The power of DBSCAN -- an unsupervised clustering algorithm

Nothing can describe my feelings when I won my first Kaggle competition gold medal!

The most interesting fact about this feat is that it wasn’t a normal Kaggle competition then. We see almost >90% of the contests about supervised machine learning. This one is different.

It is the TrackML Particle Tracking Competition, and I finished at rank 10/656 (together with my great teammate Zidmie)

Animation of some 'hits'

The difference is that due to the nature of the problem, traditional supervised ML algorithms don’t work well! Why? Let me explain the problem first.

In this competition we are given a set of >8000 ‘events’. For each event, we are given about 100K ‘hits’ (or points) in 3D coordinates (x, y, z). So we know about every hit’s (x, y, z). These hits were the positions of the particles’ helix trajectories recorded inside a machine called the ‘detector’ in high-energy physics. So far so good?

In the detector, there are ‘layers’ and hits are only recorded when the particles hit these layers. So when they travel anywhere in the space between these layers, we don’t know where they are.

Imagine a single particle travels in a helix trajectory in space inside the detector. It will hit different layers (and continue to travel). So all of the positions of those hits are recorded. In other words, the total of 100K hits belong to many “trajectories” of single particles. We call this as ‘tracks’.

Let’s look some visualizations of all the hits inside the detector:

All 'hits' detected inside the detector in 3D

'Hits' visualized from slices in xy

So, what’s the problem statement here?

We are required to reconstruct the ‘tracks’ from the hits alone! (of course, the labeled data is given, meaning that we have at hand a handful of events which we know which hits belong to which tracks).

Approaching this contest with a supervised machine learning method can be extremely challenging. The first evidence is that out of the top 10 teams, there is only 1 team (2nd place) employed a supervised ML approach with an NN architecture.

Why? That’s because we have the prior knowledge about the trajectories of the tracks: they’re all helices! If this is scientifically sounding, why don’t we exploit this fact?

Extracting some simple features, i.e., the Hough transforms, plugging them into an effective unsupervised algorithm, then voila! It worked like a charm!

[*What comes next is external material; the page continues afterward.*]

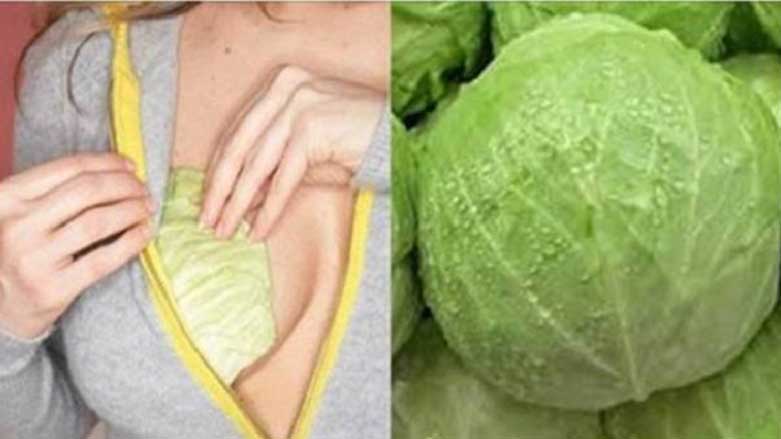 زانيوته‌ كه‌له‌م ئه‌م سووده‌شى هه‌يه‌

I did experiments with many algos like kNN, HDBSCAN, EM… but finally DBSCAN is the best! It allows us to finetune parameters to adapt the the problem at hand. It’s fast, and it’s highly effective! I wrote a demo (simple version) Kaggle notebook to show off how I solve this competition.

Animation of some 'hits'

Animation of some reconstructed 'tracks' of helices in 3D

It’s really unusual, and good to see a single unsupervised algorithm dominate a featured Kaggle competition with a very hard scientific problem. The world of AI is truly astounding and full of surprise!